根こそぎ生爪掴んで、肉ごと削いでやる……
和樹や貞雄には頭の回転では劣ることは自覚しているが、その腕っぷしと獰猛さには誰にも引けを取らない男は、ひたすらにその暴力じみた本能をひた隠していた。
「ホームルームは以上っ!次は英語か…お前らツイてるぞぉ。たぶんお前らが最初に見るんじゃないか?…」
そう言ってクラス担任は意味深な顔をして教室を出ていった。
一瞬、教室内にざわめきが戻ったが、すぐに一限の予鈴が鳴った。
英語教員の若い男性教諭が、なにが嬉しいのか、普段見せないような笑顔で教室に入ってきた。

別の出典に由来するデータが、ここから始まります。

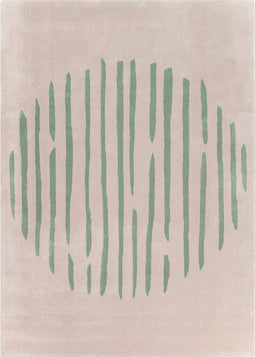 Island Leaf Vloerkleed - 200x300 - Rechthoek - Laagpolig Tapijt - Modern - Groen, Roze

「はい。おはよう!昨年に引き続き、よろしくお願いします。仲本です。」
教員が簡単な自己紹介を終えて、教室内を見渡す。
「はい!注目!」
若い教員が精一杯の声を張り上げて注目を集める。
「今年から一年間、英語の授業のサポートとして、海外からの講師が入ります。昨日の始業式では都合がつかなくて紹介出来なかったんだ。たぶんみんなが初めて見る生徒じゃないかな?」
「Ms.Freeman. Please come in !」
教員のややズレたイントネーションの掛け声を聞いて、教室の扉が開く。
どよめく教室。
「すごーい!チョー美人!」「マジで!超ヤバいじゃん!」
「うおーっ!色々教えてくれーっ!!」
金髪碧眼の、美しい白人女性が入ってきた。
「コンニチハ。アンナ=フリーマン デス」
きちんとしたお辞儀をしてみせ、上げた顔にはとても穏やかそうな柔和な笑みを浮かべている。
「「「あっ!!アンナちゃんだっ!!??」」」
舞たちの声が弾けたと同時に、
……ガタガタンッ……
……ドゴン、ゴロンゴロッゴロッ……
貞雄は急に腰を浮かせ前を見詰めている。
達也はダンベルをその手から滑り落とし、呆けている。
……パタム…………
和樹は静かに本を閉じ、その目に暗い炎を灯した。
『………d damn it!』
呆気に取られた男性教諭の傍らで、真顔に戻った女性から聞こえた何事かは空耳だと思われる。